New Getty Recording Artists Podcast Out Now
Recording Artists: Intimate Addresses explores letters from the Getty Research Institute to offer six portraits in creativity

Rrose Sélavy (Marcel Duchamp), 1923, Man Ray. Gelatin silver print, 8 11/16 × 6 15/16 in. Getty Museum, 84.XM.1000.80. © Man Ray Trust ARS-ADAGP
Body Content
Getty’s award-winning podcast Recording Artists, featuring archival materials from the Getty Research Institute’s (GRI) collection, is back for a second season.
On September 26, travel the world and the 20th century with poet and journalist Tess Taylor and actor and writer Anna Deavere Smith for Recording Artists: Intimate Addresses.
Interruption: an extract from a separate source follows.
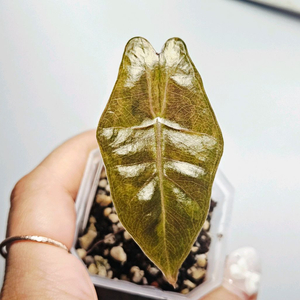 알로카시아 푸세이도 산데리아나 옐로우 바리에가타(안스x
Centering on correspondence between artists and their family members, partners, friends, and professional associates, Recording Artists: Intimate Addresses, begins in 1942, in the rubble of the Second World War, and marches toward the women’s liberation movement of the 1970s, all the while touching on critical questions that artists face today. Each episode weaves in conversations with some of today’s luminary working artists and art historians.
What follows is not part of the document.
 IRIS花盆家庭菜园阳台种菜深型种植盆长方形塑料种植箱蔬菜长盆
“The first season of Recording Artists focused on recorded interviews—in other words, artists presenting themselves publicly to the world,” says Andrew Perchuk, deputy director of the GRI. “For the second season, the letters offer a much more private address, featuring a range of very human emotions from hardship to joy and indignation to gratitude.”
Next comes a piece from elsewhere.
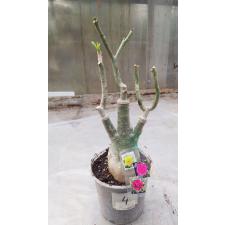 Adenium sp 4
The series explores interconnections between artist’s projects, their networks, and their times. In the process, Intimate Addresses explores how artists build networks, call out to one another, and change the way we see art in their own times and beyond.
The opening episode finds Marcel Duchamp writing Man Ray fresh after his escape from Nazi France. Duchamp, usually dry and collected, is dazed, too poor to join his old friend in Hollywood. Instead, he’s asking for help selling what would become a signature work of art: his Boîte-en-valise or Box in a Suitcase—beautifully-rendered miniatures of his most famous works.
As the season continues, we meet Frida Kahlo near the end of WWII, in Coyoacán, Mexico, managing relations with her New York gallerist (and former lover) in the face of rupture in the world and extraordinary pain in her own body. We encounter M. C. Richards, a powerful but largely forgotten woman philosopher of craft, as she works to find her own voice. We find the fascinating Fluxus artist Benjamin Patterson, a Black avant-garde composer, as he leaves an extraordinarily exciting music and performance career to parent and to build better networks for the Black artists and musicians who succeed him, all while creating art for himself. We catch Nam June Paik in his cockroach-filled apartment, seeking financial support for a fellow artist in even more dire straights. We hear experimental polymath Meret Oppenheim, who’d begun her career 40 years earlier in Duchamp’s circle, writing to a curator with an unforgettable feminist letter which speaks truth to power. It’s a voice that calls out not only to be heard in our time, but our own.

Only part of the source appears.